STEFAN AND LOTTE ZWEIG’S SOUTH AMERICAN LETTERS: New York, Argentina and Brazil, 1940–1942

Edited by Darién J. Davis and Oliver Marshall
Continuum ($24.95)

by Jesse Freedman

When news of Germany’s invasion of the Soviet Union reached Stefan Zweig, his response was one of unyielding sorrow. Born in 1881, the celebrated novelist and biographer had already endured a series of profound upheavals: at thirty-two, his Jewish ancestry had forced him to emigrate from Vienna, while the atrocities of the First World War had significantly diminished his belief in the superiority of European culture. Now, as he confronted the brutality of the Nazi regime and the failures of the Weimar experiment, Zweig concluded that he had slipped into the third—and final—of his lives. “My generation has become superfluous,” he wrote from New York City. “We have been a failure.” The hopelessness with which Zweig associated Nazi aggression was soon to overcome him: together with his wife, Lotte, he committed suicide in the isolated Brazilian village of Petrópolis in 1942. Zweig was sixty-one, Lotte but thirty-four.
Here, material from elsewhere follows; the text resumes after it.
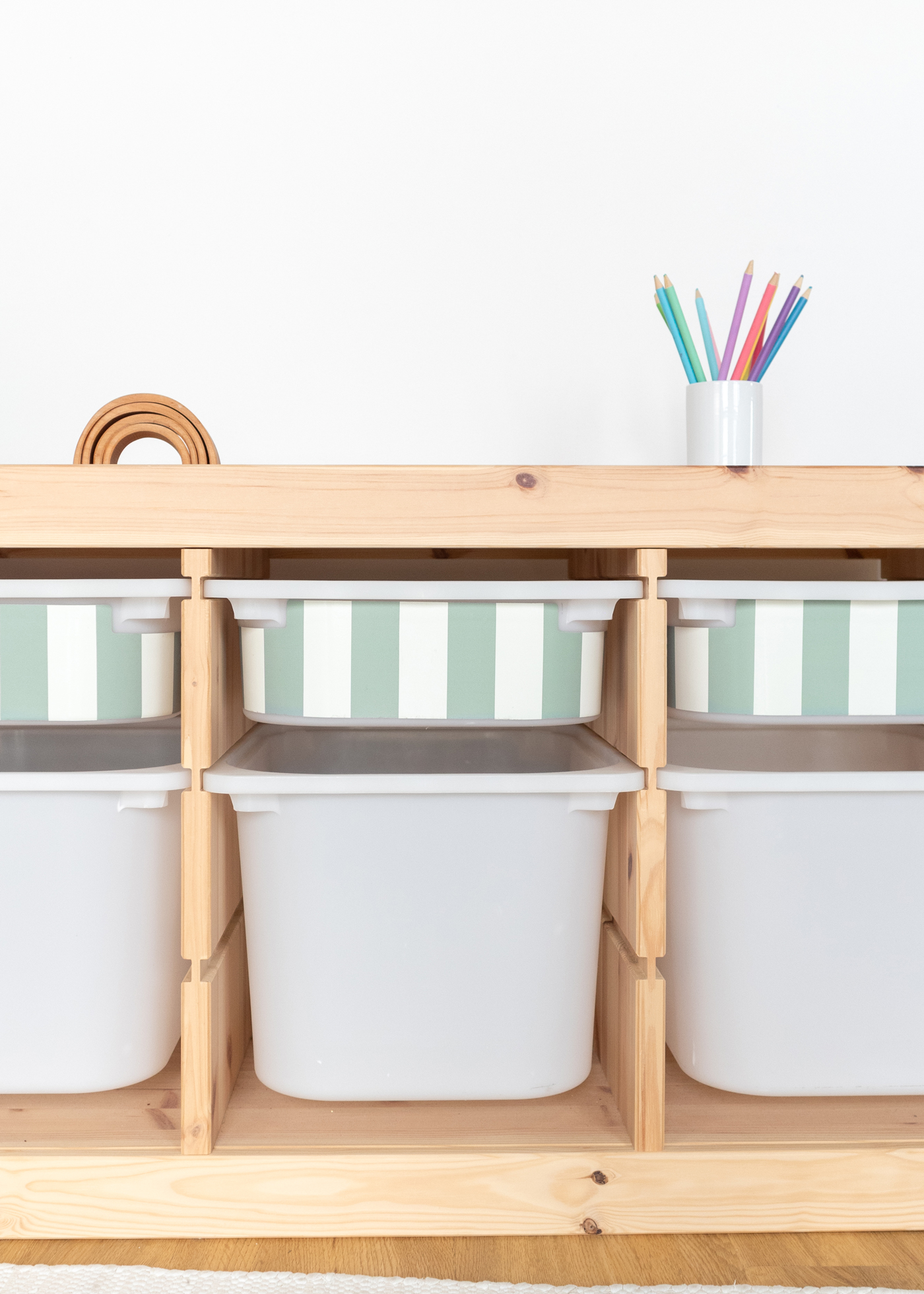 Selbstklebende Klebefolie für IKEA TROFAST Boxen mit Streifenmuster Selbstklebende Klebefolie für IKEA TROFAST Boxen mit dezentem Streifenmuster, leicht zu entfernen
Edited by Darién J. Davis and Oliver Marshall, Stefan and Lotte Zweig’s South American Letters provides a detailed epistolary account of the life and times of one of Europe’s preeminent intellectuals. The collection—which casts Zweig not only as a writer but as a refugee displaced by war—begins with the arrival of Stefan and Lotte in Brazil, where the two, despite mounting anxieties regarding family left in Europe, revel in the allure of Rio de Janeiro. As Davis and Marshall make clear in their thoughtful introduction, at least part of the Zweigs’ fondness for Brazil stemmed from their growing status as celebrities: daily, remembered Lotte, photographs of the couple appeared in South American newspapers. Regarding his own popularity, Stefan referred to a “difference of fate,” as if, by a force greater than himself, he had been selected to escape the “heals of the beast.”
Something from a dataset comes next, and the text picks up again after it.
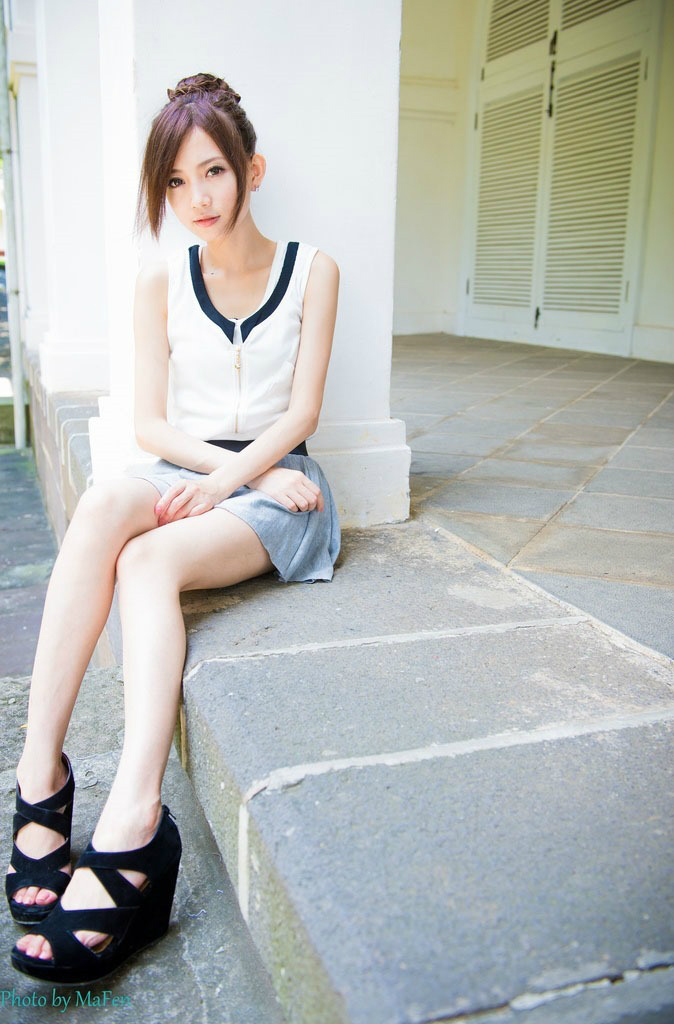 足コキされたい美脚-12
In their letters to Lotte’s brother and sister-in-law, Manfred and Hannah Altmann, the Zweigs struggled, at times, to strike an appropriate tone, referring on several occasions to their “shame” at having discovered in Brazil such a “perfect life.” Still, they expressed as best they could their horror at the “great misery of mankind.” From South America (and, for a short, unhappy period in 1941, the United States), Stefan and Lotte monitored the trajectory of the war, recording their shock at starvation in Occupied France and the sinking of the British passenger liner City of Benares in 1940. As Davis and Marshall rightly suggest, the Zweigs experienced increasing despair as the conflict entered its middle years: Stefan, in particular, conveyed considerable regret at having to think—and write—in the same language as Hitler, while Lotte struggled to keep her asthma (and husband) from spiraling out of control. These were, as Zweig wrote to the Altmanns following the Battle of Britain, “very obscure times.”

While Stefan’s reputation in South America assured the Zweigs safety and financial security, it did not guarantee them a sense of belonging: indeed, in the days preceding his suicide, Stefan referred to himself rather pitifully as a “squatter.” The man whose youth had been spent traversing Europe, and whose biographies had charted its greatest minds, now found himself half a world away, a stranger to the continent that had inspired so much of his work. “I shall never [again] in my life,” he lamented in 1941, “have a real home.” The war, he continued, in a letter published for the first time in this collection, had “destroyed so much.”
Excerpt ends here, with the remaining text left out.